:: What is needed ::
Please reproduce every entry below without omitting a single line.

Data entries
_ _ _ _
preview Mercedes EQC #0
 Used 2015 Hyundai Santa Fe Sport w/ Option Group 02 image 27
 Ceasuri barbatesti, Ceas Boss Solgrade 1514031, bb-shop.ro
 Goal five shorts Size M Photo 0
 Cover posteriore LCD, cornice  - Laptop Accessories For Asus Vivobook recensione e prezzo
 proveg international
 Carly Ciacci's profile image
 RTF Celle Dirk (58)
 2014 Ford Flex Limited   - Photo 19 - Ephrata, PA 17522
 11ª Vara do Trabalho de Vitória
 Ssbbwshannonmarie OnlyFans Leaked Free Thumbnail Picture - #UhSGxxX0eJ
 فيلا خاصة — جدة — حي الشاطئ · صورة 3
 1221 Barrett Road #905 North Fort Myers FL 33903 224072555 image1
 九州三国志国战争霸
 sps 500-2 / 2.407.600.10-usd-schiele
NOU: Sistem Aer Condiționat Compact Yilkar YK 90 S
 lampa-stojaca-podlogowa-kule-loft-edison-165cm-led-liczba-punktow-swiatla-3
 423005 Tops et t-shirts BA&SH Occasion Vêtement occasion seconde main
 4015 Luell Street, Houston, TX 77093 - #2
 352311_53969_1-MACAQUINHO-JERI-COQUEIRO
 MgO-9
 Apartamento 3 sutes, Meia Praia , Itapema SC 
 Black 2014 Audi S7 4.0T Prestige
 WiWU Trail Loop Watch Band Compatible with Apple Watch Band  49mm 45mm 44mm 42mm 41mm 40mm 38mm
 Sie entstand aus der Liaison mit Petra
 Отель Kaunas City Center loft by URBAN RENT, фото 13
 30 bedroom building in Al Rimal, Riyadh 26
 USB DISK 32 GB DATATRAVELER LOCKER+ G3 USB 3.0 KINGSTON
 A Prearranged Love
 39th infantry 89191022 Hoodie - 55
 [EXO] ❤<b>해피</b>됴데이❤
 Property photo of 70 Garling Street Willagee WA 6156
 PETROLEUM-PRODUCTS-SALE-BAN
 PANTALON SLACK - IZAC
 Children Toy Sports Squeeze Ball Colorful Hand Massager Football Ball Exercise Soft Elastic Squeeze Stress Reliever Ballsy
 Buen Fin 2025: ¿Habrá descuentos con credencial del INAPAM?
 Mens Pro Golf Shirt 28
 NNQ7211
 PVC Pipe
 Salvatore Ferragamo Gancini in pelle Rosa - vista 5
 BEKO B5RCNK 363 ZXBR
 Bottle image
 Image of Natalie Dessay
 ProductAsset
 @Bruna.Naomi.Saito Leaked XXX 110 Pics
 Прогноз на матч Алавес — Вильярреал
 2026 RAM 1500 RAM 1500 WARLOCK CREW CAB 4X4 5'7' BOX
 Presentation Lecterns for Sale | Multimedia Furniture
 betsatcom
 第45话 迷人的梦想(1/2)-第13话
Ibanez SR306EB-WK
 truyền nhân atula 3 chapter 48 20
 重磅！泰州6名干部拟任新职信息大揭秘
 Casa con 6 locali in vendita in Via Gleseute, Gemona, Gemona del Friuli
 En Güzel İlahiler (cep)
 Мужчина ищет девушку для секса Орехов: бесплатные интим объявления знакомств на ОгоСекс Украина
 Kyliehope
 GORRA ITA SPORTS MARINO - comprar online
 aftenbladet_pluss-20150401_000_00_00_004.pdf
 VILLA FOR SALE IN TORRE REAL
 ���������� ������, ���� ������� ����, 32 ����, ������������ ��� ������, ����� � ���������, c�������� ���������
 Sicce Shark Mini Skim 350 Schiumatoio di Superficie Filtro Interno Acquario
_ _ _ _
:: Solution for this task ::
preview Mercedes EQC #0
 Used 2015 Hyundai Santa Fe Sport w/ Option Group 02 image 27
 Ceasuri barbatesti, Ceas Boss Solgrade 1514031, bb-shop.ro
 Goal five shorts Size M Photo 0
 Cover posteriore LCD, cornice  - Laptop Accessories For Asus Vivobook recensione e prezzo
 proveg international
 Carly Ciacci's profile image
 RTF Celle Dirk (58)
 2014 Ford Flex Limited   - Photo 19 - Ephrata, PA 17522
 11ª Vara do Trabalho de Vitória
 Ssbbwshannonmarie OnlyFans Leaked Free Thumbnail Picture - #UhSGxxX0eJ
 فيلا خاصة — جدة — حي الشاطئ · صورة 3
 1221 Barrett Road #905 North Fort Myers FL 33903 224072555 image1
 九州三国志国战争霸
 sps 500-2 / 2.407.600.10-usd-schiele
NOU: Sistem Aer Condiționat Compact Yilkar YK 90 S
 lampa-stojaca-podlogowa-kule-loft-edison-165cm-led-liczba-punktow-swiatla-3
 423005 Tops et t-shirts BA&SH Occasion Vêtement occasion seconde main
 4015 Luell Street, Houston, TX 77093 - #2
 352311_53969_1-MACAQUINHO-JERI-COQUEIRO
 MgO-9
 Apartamento 3 sutes, Meia Praia , Itapema SC 
 Black 2014 Audi S7 4.0T Prestige
 WiWU Trail Loop Watch Band Compatible with Apple Watch Band  49mm 45mm 44mm 42mm 41mm 40mm 38mm
 Sie entstand aus der Liaison mit Petra
 Отель Kaunas City Center loft by URBAN RENT, фото 13
 30 bedroom building in Al Rimal, Riyadh 26
 USB DISK 32 GB DATATRAVELER LOCKER+ G3 USB 3.0 KINGSTON
 A Prearranged Love
 39th infantry 89191022 Hoodie - 55
 [EXO] ❤<b>해피</b>됴데이❤
 Property photo of 70 Garling Street Willagee WA 6156
 PETROLEUM-PRODUCTS-SALE-BAN
 PANTALON SLACK - IZAC
 Children Toy Sports Squeeze Ball Colorful Hand Massager Football Ball Exercise Soft Elastic Squeeze Stress Reliever Ballsy
 Buen Fin 2025: ¿Habrá descuentos con credencial del INAPAM?
 Mens Pro Golf Shirt 28
 NNQ7211
 PVC Pipe
 Salvatore Ferragamo Gancini in pelle Rosa - vista 5
 BEKO B5RCNK 363 ZXBR
 Bottle image
 Image of Natalie Dessay
 ProductAsset
 @Bruna.Naomi.Saito Leaked XXX 110 Pics
 Прогноз на матч Алавес — Вильярреал
 2026 RAM 1500 RAM 1500 WARLOCK CREW CAB 4X4 5'7' BOX
 Presentation Lecterns for Sale | Multimedia Furniture
 betsatcom
 第45话 迷人的梦想(1/2)-第13话
Ibanez SR306EB-WK
 truyền nhân atula 3 chapter 48 20
 重磅！泰州6名干部拟任新职信息大揭秘
 Casa con 6 locali in vendita in Via Gleseute, Gemona, Gemona del Friuli
 En Güzel İlahiler (cep)
 Мужчина ищет девушку для секса Орехов: бесплатные интим объявления знакомств на ОгоСекс Украина
 Kyliehope
 GORRA ITA SPORTS MARINO - comprar online
 aftenbladet_pluss-20150401_000_00_00_004.pdf
 VILLA FOR SALE IN TORRE REAL
 ���������� ������, ���� ������� ����, 32 ����, ������������ ��� ������, ����� � ���������, c�������� ���������
 Sicce Shark Mini Skim 350 Schiumatoio di Superficie Filtro Interno Acquario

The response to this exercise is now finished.